An exhibition of Carrolup artists was organised in Perth and in a number of Australian towns and cities. With the assistance of Florence Rutter, exhibitions also took place in London, Manchester, Edinburgh and Glasgow. The closure of Carrolup Native Settlement in 1951 put an end to the international exhibitions.

=== Dispersal of artworks ===
The "lost" collection of Carrolup children's art was made by Florence Rutter, principally to exhibit and sell on behalf of the children, in the United Kingdom and the Netherlands, through the Aboriginal Children's Trust that she set up in London. The collection includes a personal selection that Florence made for both herself and her family. However, she lost all her own money, together with that held by the Trust, to a con man. Destitute, she advertised its availability and was able to sell it to Herbert Mayer of New York city.

Rutter died in 1958, her dreams shattered. Some say she died of a broken heart. Herbert Mayer gifted the collection to his old university, Colgate, in upstate New York in 1966. This is the collection that Howard Morphy "found" at the Picker Gallery at Colgate University in 2004. A year later, Athol Farmer, Ezzard Flowers and John Stanton travelled to the United States to inspect the collection and to select items for inclusion in the 2006 "Koorah Coolingah" exhibition at Katanning, with a parallel exhibition at the Western Australian Museum in Perth, which were part of the Perth International Arts Festival.
The Curtin University, John Curtin Gallery is custodian of 125 works bought back to Noongar country from the Colgate University and are in development of a Centre for Truth Telling, a home for the Carrolup child artist works to enable them to be shared with the community and help inform of the past injustices imposed under Colonial settlement.

=== Renewed attention (1980s onwards) ===
A number of prominent Western Australian Aboriginal Artists started their work at Marribank, and were the subject of two national travelling benchmark exhibitions curated by the Director of the Berndt Museum of Anthropology at The University of Western Australia, "Nyungar Landscapes" containing elements of the extensive Melvie, Stan and Gael Phillips Collection donated to the Berndt Museum and (with Noongar artist Sandra Hill) "Aboriginal Artists of the South-West", containing items from the Noel and Lily White Collection presented to the Museum by Noelene and Ross White.

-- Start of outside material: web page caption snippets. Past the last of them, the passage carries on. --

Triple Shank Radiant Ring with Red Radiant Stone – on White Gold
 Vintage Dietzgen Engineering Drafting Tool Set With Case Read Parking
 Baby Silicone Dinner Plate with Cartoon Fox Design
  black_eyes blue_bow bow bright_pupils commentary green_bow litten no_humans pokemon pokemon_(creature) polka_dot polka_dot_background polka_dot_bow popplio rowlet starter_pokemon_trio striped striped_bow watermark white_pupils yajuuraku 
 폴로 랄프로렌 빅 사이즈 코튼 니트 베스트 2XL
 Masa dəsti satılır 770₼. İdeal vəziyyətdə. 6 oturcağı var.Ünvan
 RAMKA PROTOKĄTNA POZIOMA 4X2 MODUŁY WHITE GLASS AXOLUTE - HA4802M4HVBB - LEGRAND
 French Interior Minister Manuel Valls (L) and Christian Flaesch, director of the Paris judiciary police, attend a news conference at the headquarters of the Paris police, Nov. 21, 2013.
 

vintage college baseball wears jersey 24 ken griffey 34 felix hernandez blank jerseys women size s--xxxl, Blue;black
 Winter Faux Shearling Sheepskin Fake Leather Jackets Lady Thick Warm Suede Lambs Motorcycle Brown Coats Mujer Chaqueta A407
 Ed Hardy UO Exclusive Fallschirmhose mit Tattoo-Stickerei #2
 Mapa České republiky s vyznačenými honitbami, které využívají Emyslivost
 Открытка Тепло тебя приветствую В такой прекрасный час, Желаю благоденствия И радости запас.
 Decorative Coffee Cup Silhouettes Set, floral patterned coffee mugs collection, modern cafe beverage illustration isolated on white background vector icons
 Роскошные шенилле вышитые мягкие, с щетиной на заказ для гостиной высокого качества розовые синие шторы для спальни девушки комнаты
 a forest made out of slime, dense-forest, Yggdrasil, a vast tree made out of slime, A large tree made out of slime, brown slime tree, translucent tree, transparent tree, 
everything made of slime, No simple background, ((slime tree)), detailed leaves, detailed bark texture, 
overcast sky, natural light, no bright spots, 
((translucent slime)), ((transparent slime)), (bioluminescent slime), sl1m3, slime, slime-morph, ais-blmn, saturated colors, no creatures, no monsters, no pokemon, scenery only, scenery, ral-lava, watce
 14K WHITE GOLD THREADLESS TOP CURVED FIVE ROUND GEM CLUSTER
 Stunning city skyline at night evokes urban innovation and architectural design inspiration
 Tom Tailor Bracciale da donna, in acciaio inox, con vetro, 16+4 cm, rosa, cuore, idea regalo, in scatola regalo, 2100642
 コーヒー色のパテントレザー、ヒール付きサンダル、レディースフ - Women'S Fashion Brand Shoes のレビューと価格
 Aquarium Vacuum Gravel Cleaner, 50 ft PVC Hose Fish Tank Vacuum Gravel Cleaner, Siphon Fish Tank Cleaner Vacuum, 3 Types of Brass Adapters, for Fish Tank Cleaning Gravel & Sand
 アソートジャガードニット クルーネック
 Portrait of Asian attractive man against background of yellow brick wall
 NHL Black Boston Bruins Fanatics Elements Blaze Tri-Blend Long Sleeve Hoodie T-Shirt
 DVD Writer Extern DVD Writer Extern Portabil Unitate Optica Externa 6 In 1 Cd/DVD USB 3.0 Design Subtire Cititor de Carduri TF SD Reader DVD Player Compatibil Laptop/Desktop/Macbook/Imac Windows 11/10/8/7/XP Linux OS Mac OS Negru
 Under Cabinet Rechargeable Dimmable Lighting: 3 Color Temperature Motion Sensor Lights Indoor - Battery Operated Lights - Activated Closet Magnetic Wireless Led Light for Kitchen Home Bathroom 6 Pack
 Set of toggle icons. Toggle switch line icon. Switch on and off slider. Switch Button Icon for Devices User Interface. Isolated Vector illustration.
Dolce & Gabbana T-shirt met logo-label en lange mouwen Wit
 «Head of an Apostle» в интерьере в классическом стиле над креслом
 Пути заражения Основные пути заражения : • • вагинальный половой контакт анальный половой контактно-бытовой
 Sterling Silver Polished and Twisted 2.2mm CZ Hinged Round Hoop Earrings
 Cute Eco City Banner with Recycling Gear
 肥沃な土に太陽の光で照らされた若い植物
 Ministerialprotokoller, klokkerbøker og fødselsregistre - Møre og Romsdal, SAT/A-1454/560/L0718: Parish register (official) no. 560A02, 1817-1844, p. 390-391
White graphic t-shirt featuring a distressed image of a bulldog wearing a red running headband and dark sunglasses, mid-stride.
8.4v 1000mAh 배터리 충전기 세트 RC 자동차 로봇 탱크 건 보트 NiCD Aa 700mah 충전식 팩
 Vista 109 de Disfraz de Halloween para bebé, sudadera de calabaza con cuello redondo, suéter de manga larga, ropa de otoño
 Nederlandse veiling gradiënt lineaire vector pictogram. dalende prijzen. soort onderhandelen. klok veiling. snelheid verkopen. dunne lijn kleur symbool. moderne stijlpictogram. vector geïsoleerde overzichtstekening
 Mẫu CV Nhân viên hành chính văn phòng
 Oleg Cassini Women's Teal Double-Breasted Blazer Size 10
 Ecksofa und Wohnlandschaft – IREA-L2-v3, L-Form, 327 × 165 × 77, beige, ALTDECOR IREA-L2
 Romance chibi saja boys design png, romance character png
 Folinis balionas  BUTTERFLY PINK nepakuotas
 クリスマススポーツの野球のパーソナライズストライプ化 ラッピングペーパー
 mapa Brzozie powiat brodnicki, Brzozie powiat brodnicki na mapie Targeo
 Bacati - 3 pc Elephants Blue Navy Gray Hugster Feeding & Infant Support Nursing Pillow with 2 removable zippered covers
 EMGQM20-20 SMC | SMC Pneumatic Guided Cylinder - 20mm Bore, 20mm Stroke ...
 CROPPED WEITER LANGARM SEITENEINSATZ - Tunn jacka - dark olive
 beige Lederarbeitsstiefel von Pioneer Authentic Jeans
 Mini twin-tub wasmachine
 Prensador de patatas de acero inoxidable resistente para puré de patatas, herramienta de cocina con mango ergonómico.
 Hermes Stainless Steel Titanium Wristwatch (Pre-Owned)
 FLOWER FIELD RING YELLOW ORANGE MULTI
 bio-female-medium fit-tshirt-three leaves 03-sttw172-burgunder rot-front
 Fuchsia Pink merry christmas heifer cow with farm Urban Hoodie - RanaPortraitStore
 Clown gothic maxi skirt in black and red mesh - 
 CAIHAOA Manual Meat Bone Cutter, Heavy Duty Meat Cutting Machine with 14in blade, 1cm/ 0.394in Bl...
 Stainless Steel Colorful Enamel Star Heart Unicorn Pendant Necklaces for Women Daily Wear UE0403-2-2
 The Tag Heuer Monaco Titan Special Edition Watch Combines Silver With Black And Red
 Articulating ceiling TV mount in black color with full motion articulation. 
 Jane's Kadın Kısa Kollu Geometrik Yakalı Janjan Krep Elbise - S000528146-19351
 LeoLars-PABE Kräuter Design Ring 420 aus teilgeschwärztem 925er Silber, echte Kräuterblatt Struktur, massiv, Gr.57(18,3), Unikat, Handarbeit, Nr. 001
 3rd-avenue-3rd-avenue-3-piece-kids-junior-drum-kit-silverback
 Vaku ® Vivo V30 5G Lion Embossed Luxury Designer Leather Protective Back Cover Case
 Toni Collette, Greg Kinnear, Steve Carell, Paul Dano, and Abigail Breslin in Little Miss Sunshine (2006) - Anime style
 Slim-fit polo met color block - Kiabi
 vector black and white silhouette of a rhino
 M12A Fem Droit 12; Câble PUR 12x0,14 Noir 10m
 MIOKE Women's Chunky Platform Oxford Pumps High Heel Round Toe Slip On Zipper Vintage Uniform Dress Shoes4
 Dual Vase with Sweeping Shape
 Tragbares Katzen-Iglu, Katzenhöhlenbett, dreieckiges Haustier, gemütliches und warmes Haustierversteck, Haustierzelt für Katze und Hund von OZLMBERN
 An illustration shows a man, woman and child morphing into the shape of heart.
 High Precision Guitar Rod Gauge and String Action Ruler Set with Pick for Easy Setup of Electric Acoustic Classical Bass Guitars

As part of a community initiated project began in 1987, two Noongar trainees participated in a teaching program in museology at the Anthropology Research Museum, as the Berndt Museum of Anthropology was then known. Tina Hansen and Cora Farmer were funded by the Aboriginal Arts Board of the Australia Council to work towards establishing a Cultural Centre at Marribank/Carrolup. Members of the community had sought assistance from John Stanton after they heard of his interest in the Carrolup children's drawings produced in the 1946-50 period. The Museum had been actively acquiring examples of these drawings for several years. Copies of these and related materials, including photographs, manuscripts and press clippings, were lodged with the Cultural Centre, which was funded by the Australian Bicentennial Authority, and opened in 1988. Hansen and Farmer learnt, while they were on placement with the Museum, collections management skills, display techniques, and photographic and videographic processes. They both spent the following year refining documentation on historical photographs. The first exhibition, in one room of the Old Boys' Dormitory, traced the history of Carrolup Native Settlement, as it was known, and the emergence of the "bush landscape" school of art there. Another room displayed contemporary Noongar works. A further gallery, which focussed on the Marribank years, opened in 1992.

== Today's site ==
After the settlement was abandoned, many of the buildings fell into disrepair. In 2016 a project was launched to transform the site into a cultural healing centre for Stolen Generations survivors and their communities.